1. (i) Several limitations exist in the current use of NMP. First, the reliance on clinically approved life-support systems and consumables can increase costs, limiting its widespread adoption in research. Future efforts should focus on developing more affordable, simplified NMP circuits that are accessible to research labs. Second, small animal models such as rodents have limited translational relevance due to differences in anatomy and nerve regeneration compared to humans. Larger animals, such as pigs, offer more accurate modelling but come with increased ethical and financial considerations. Developing NMP protocols for these larger models could overcome these challenges, while refining in vitro methods or utilising cadaveric human limbs might further reduce reliance on live animal testing. Finally, signal extraction from peripheral nerves remains variable, often due to ‘noise’ from neighbouring tissues. More sophisticated electrode designs and improved signal processing algorithms may offer a way to address this.

2. (ii) NMP requires clinically approved, advanced life-support systems and critical care consumables. Turbulent mechanical flow can damage intimal endothelium and provoke an inflammatory response (Matsuno and Kobayashi 2013), and NMP circuits cannot be constructed with uncoated surfaces made of foreign materials (plastic) that can activate the immune system and inflammatory cascades (Muller et al. 2013). NMP is highly complex, with expertise in surgery, advanced perfusion and critical care needed.

3. (iii) The optimisation of recirculating perfusate composition and experimental conditions requires further investigation.

4. (iv) There is time-dependent deterioration in the recirculating blood-perfusate.

5. (v) The pattern of nerve regeneration of the distal nerve after transection starts with that of peripheral nerve ‘Wallerian degeneration’, which results in phagocytosis of the axon and myelin remnants leaving a nerve scaffold. Macrophages stimulate Schwann cell proliferation in the proximal nerve attached to the cell body (NMP cannot account for this process in the amputated limb), later forming bands of Bungner that are essential for the regenerating axons to migrate towards the scaffold (Fu and Gordon 1997).

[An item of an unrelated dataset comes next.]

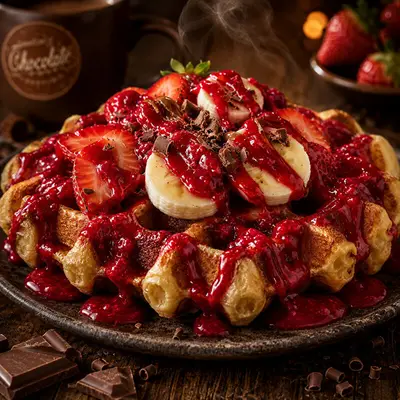 Frambuaz Soslu Waffle Tabağı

To advance this field, future research should focus on optimising the perfusate composition to enhance nerve preservation. Additionally, exploring the integration of real-time monitoring systems coupled with artificial intelligence and machine learning algorithms could provide deeper insights into tissue responses during NMP. This should be cost-effective and a simplified system that can be readily adopted for prosthetic development for not only interfacing but other aspects of research such as aiding signal transduction research. Interdisciplinary collaboration is essential to fully utilise the capabilities of NMP as a promising technology. This systematic review reports that studies have investigated the electrical and muscle activity present in NMP limb systems, but not utilised this technology to evaluate bionic technology. It may offer a new preclinical tool for those developing bioelectronic devices and ultimately accelerate the routes to impact for bioelectronics in medicine and healthcare.